Task to complete
Set down the entries exactly as they appear, apart from the images, which stay out.

··· Task input ···

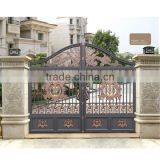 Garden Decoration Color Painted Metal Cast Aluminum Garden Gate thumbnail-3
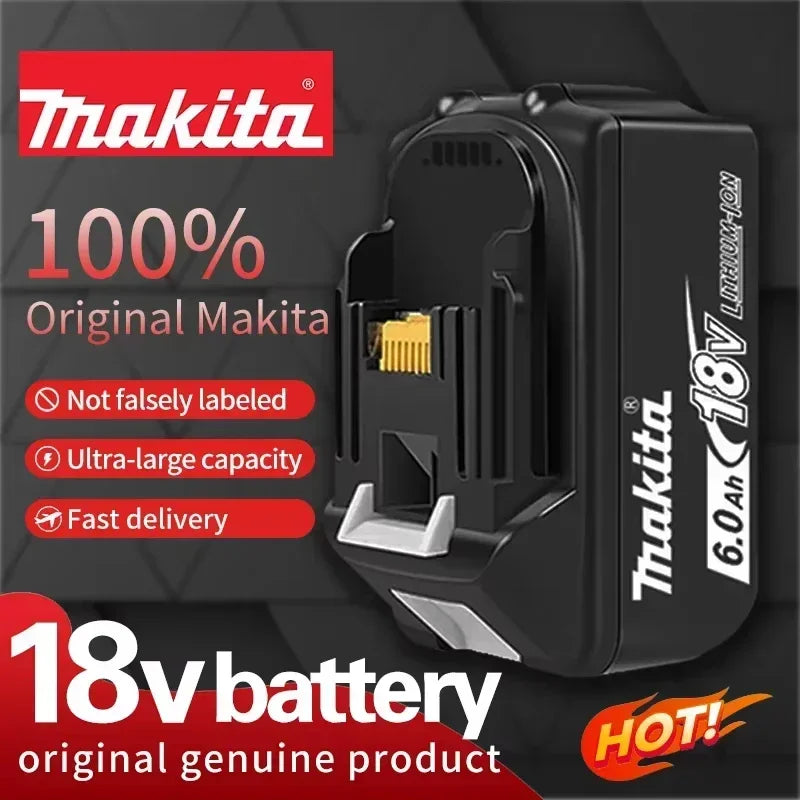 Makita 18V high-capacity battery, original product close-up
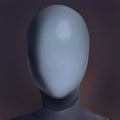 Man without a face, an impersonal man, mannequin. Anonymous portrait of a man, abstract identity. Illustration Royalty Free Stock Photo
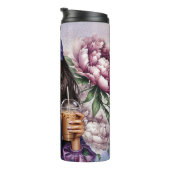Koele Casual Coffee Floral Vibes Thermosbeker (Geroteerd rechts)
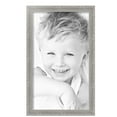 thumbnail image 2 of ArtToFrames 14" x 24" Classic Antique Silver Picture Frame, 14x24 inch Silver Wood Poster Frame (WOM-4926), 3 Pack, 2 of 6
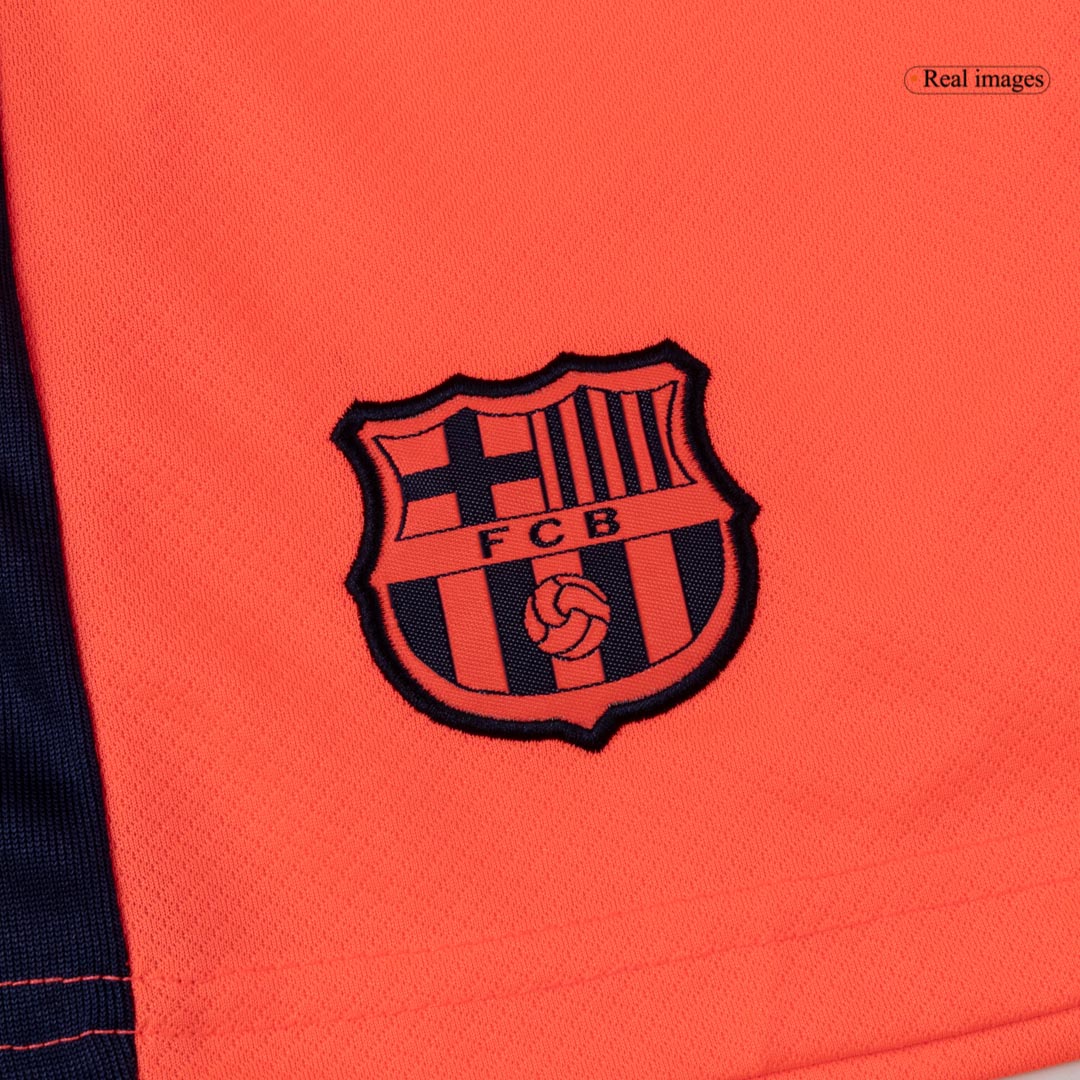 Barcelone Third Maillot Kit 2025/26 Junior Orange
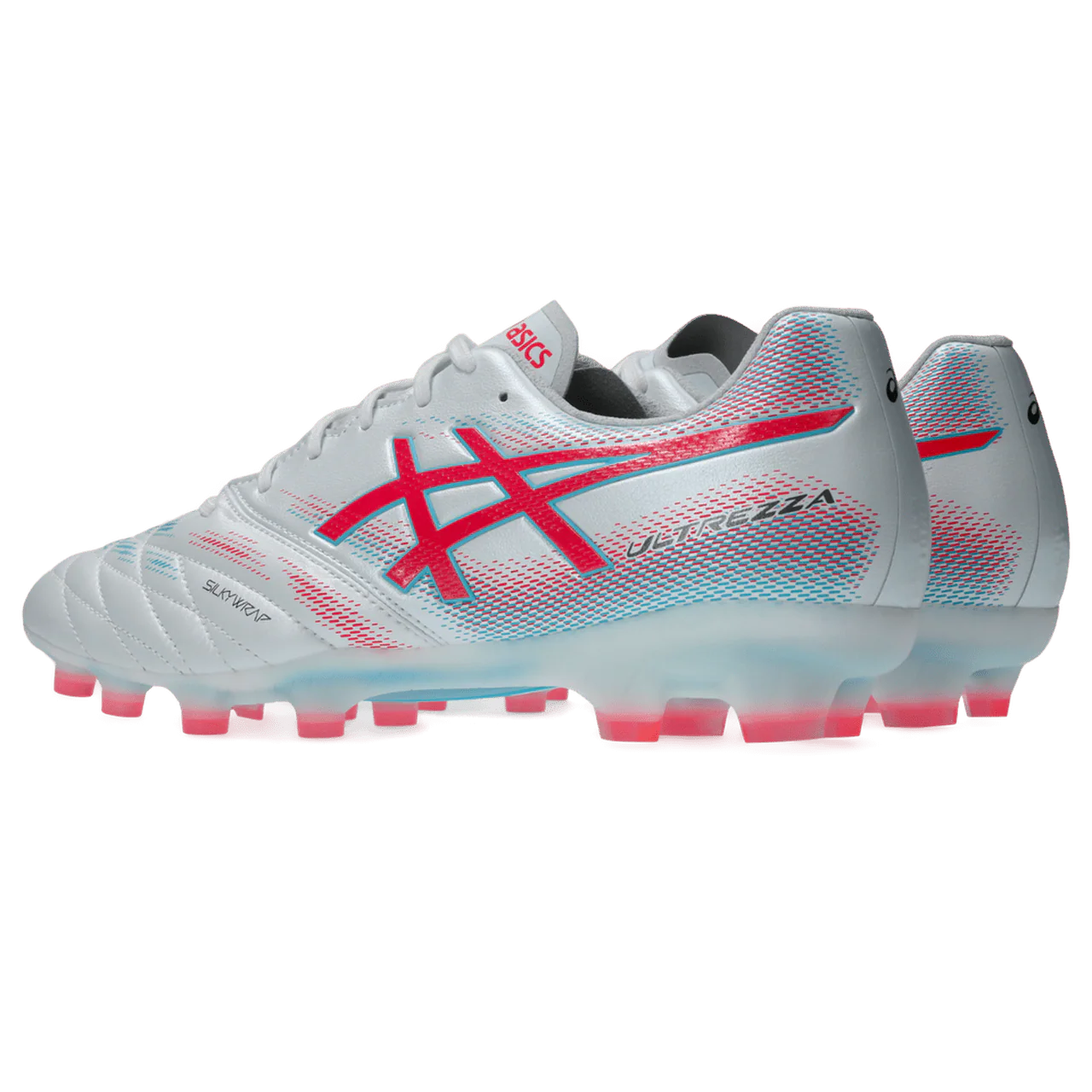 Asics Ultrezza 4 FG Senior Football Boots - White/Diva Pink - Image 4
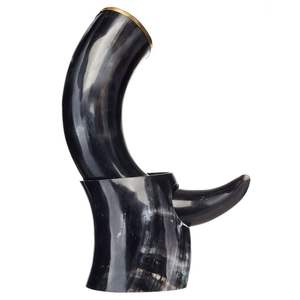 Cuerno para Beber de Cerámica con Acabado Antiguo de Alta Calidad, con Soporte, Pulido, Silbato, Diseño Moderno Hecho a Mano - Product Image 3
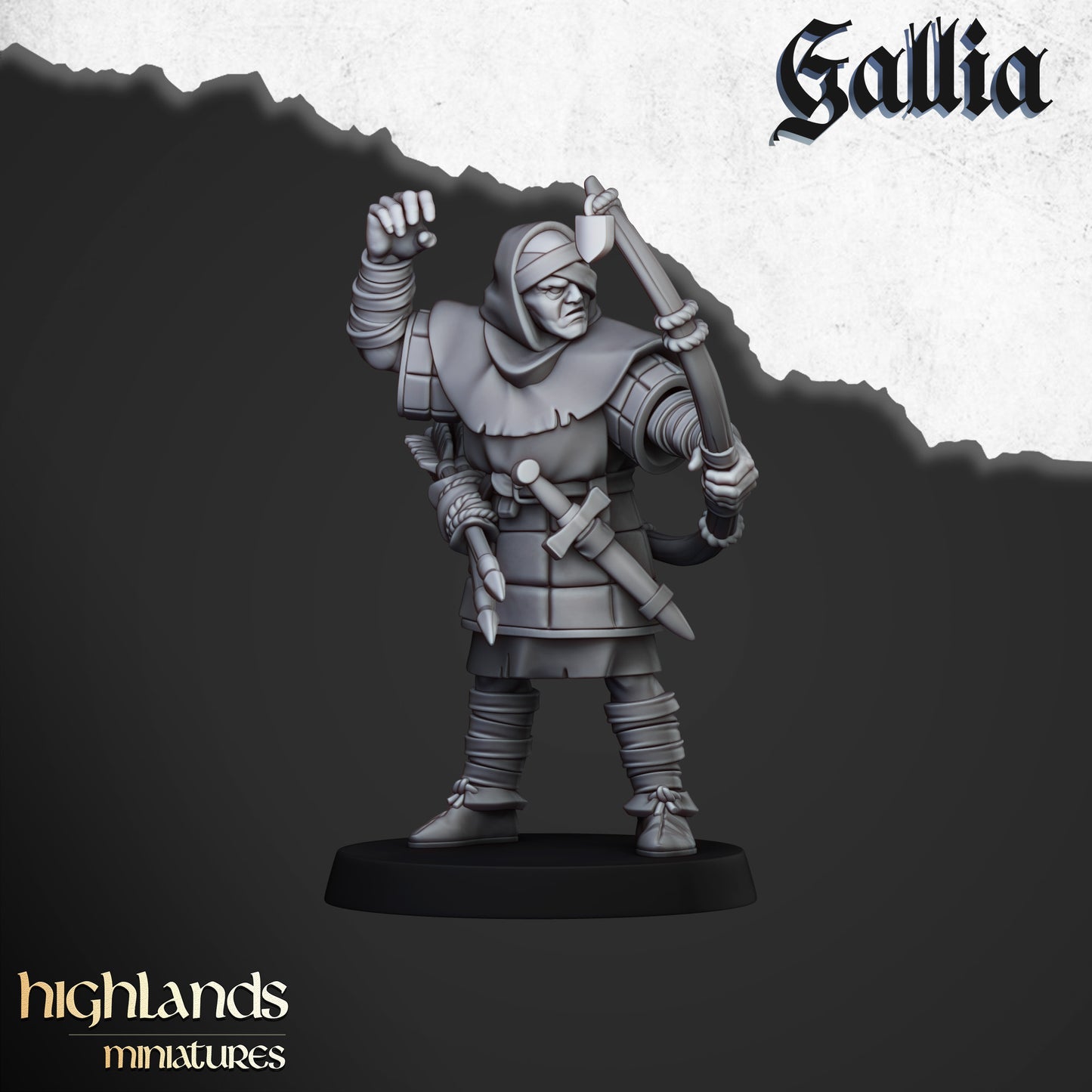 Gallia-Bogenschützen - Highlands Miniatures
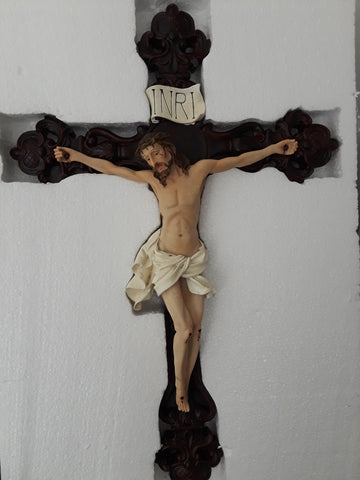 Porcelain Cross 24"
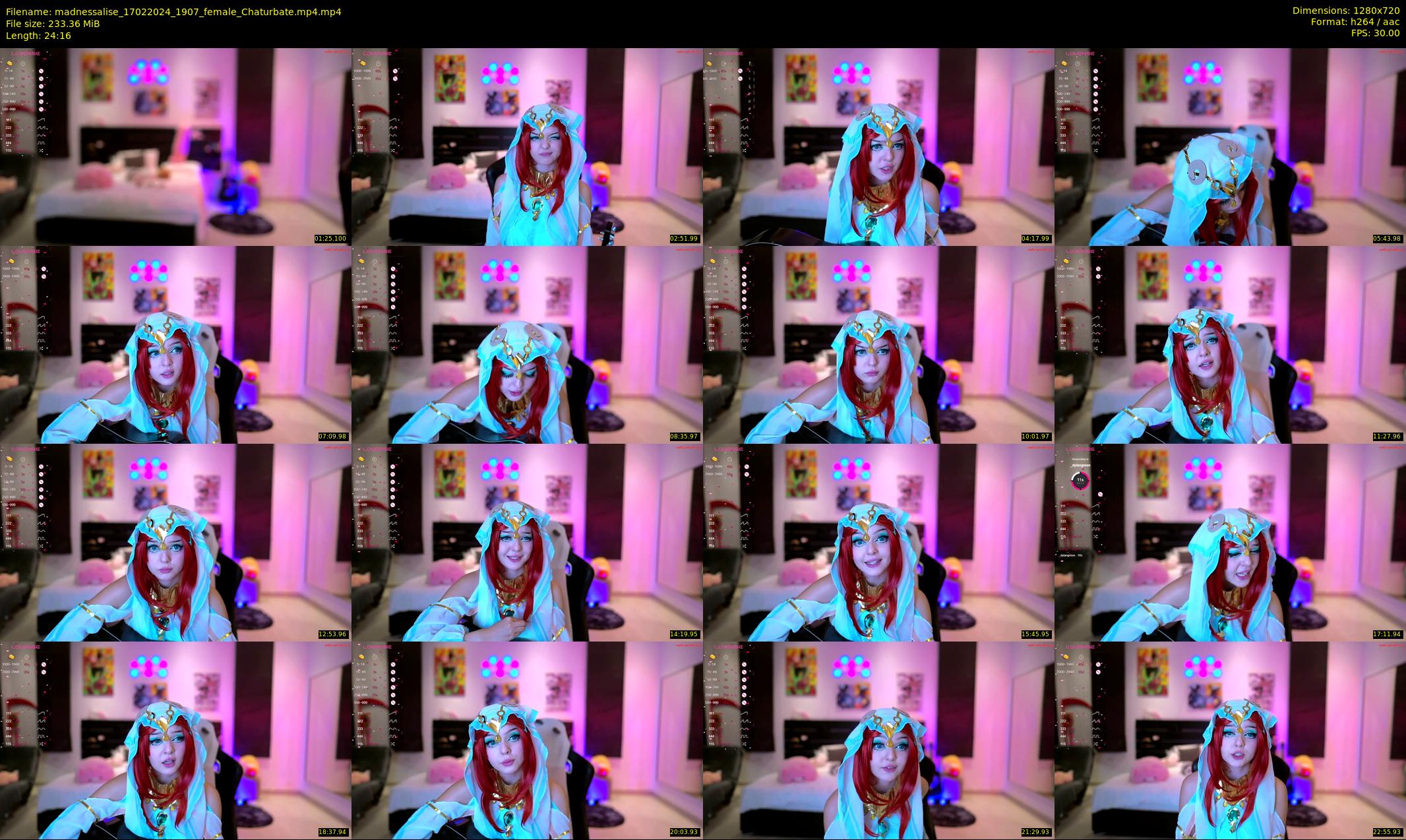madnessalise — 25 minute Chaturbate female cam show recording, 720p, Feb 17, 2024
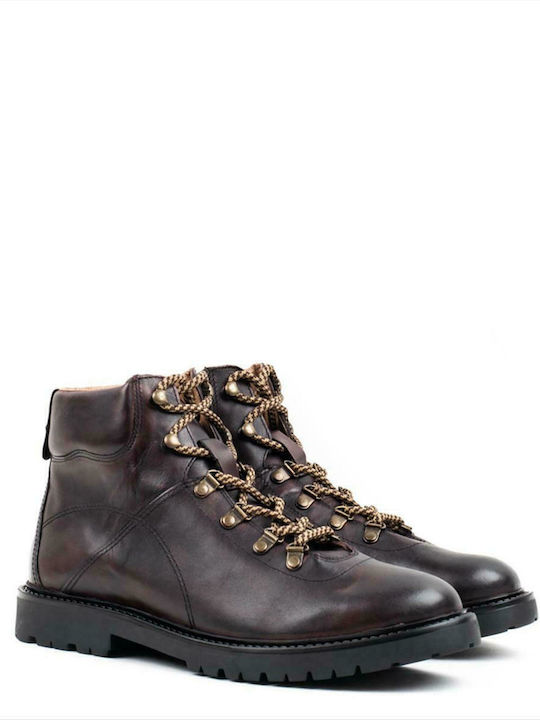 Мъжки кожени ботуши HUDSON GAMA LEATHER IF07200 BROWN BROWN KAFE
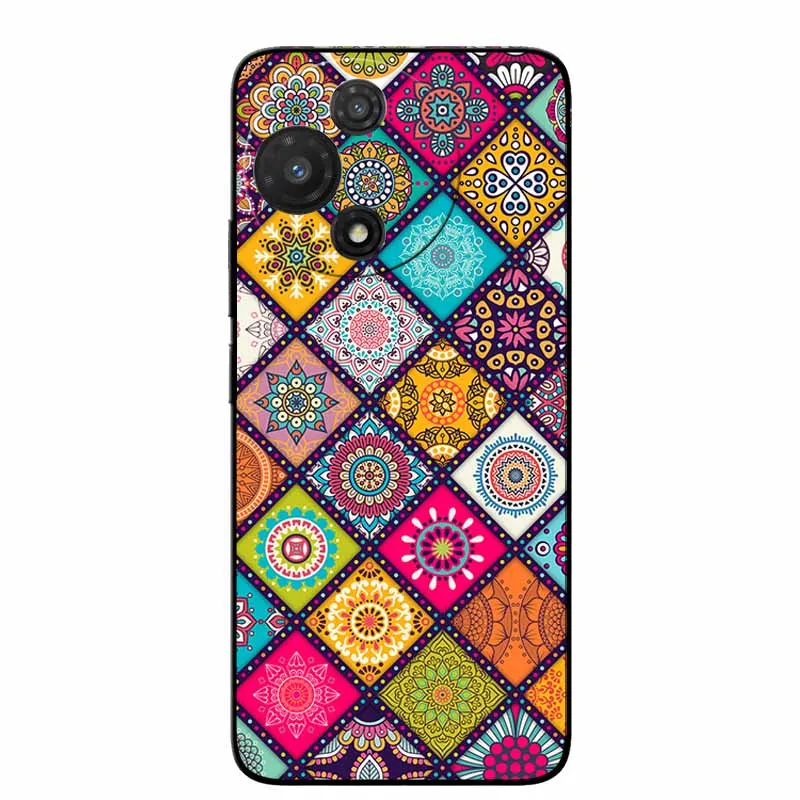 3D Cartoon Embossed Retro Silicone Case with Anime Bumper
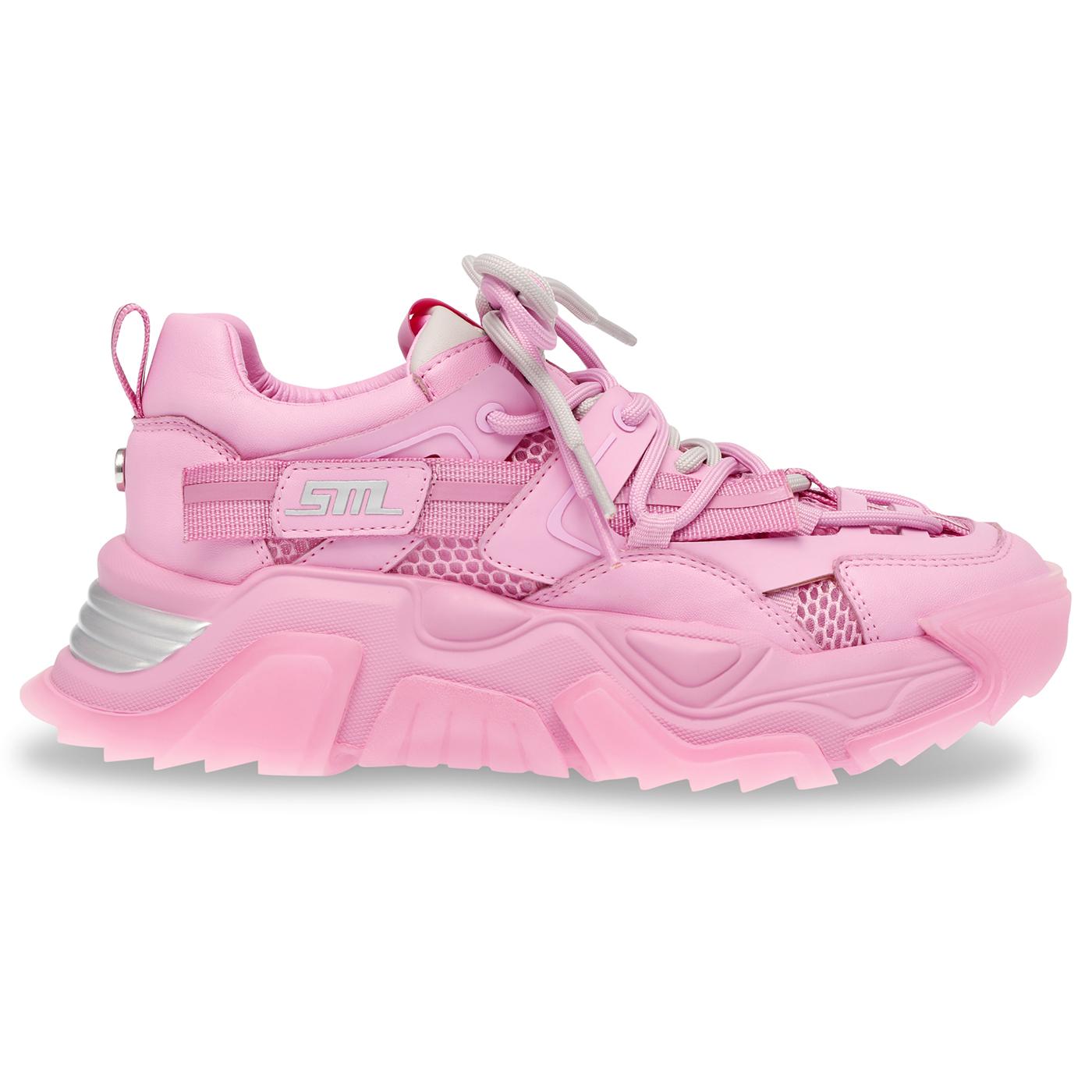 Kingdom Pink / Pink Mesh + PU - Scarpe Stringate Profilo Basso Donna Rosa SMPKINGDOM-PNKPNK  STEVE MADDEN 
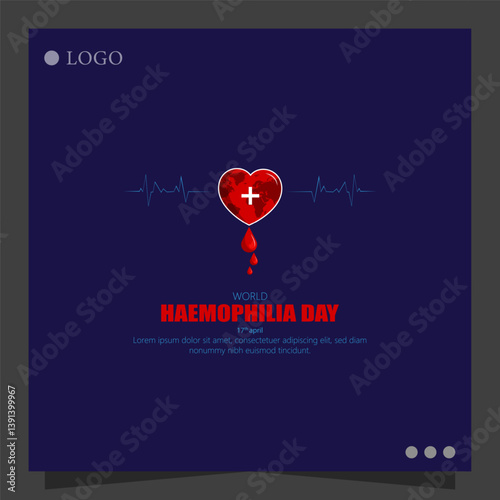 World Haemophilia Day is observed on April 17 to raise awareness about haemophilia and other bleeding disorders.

···

Exercise solution
 Garden Decoration Color Painted Metal Cast Aluminum Garden Gate thumbnail-3
 Makita 18V high-capacity battery, original product close-up
 Man without a face, an impersonal man, mannequin. Anonymous portrait of a man, abstract identity. Illustration Royalty Free Stock Photo
Koele Casual Coffee Floral Vibes Thermosbeker (Geroteerd rechts)
 thumbnail image 2 of ArtToFrames 14" x 24" Classic Antique Silver Picture Frame, 14x24 inch Silver Wood Poster Frame (WOM-4926), 3 Pack, 2 of 6
 Barcelone Third Maillot Kit 2025/26 Junior Orange
 Asics Ultrezza 4 FG Senior Football Boots - White/Diva Pink - Image 4
 Cuerno para Beber de Cerámica con Acabado Antiguo de Alta Calidad, con Soporte, Pulido, Silbato, Diseño Moderno Hecho a Mano - Product Image 3
 Gallia-Bogenschützen - Highlands Miniatures
 Porcelain Cross 24"
madnessalise — 25 minute Chaturbate female cam show recording, 720p, Feb 17, 2024
 Мъжки кожени ботуши HUDSON GAMA LEATHER IF07200 BROWN BROWN KAFE
 3D Cartoon Embossed Retro Silicone Case with Anime Bumper
 Kingdom Pink / Pink Mesh + PU - Scarpe Stringate Profilo Basso Donna Rosa SMPKINGDOM-PNKPNK  STEVE MADDEN 
 World Haemophilia Day is observed on April 17 to raise awareness about haemophilia and other bleeding disorders.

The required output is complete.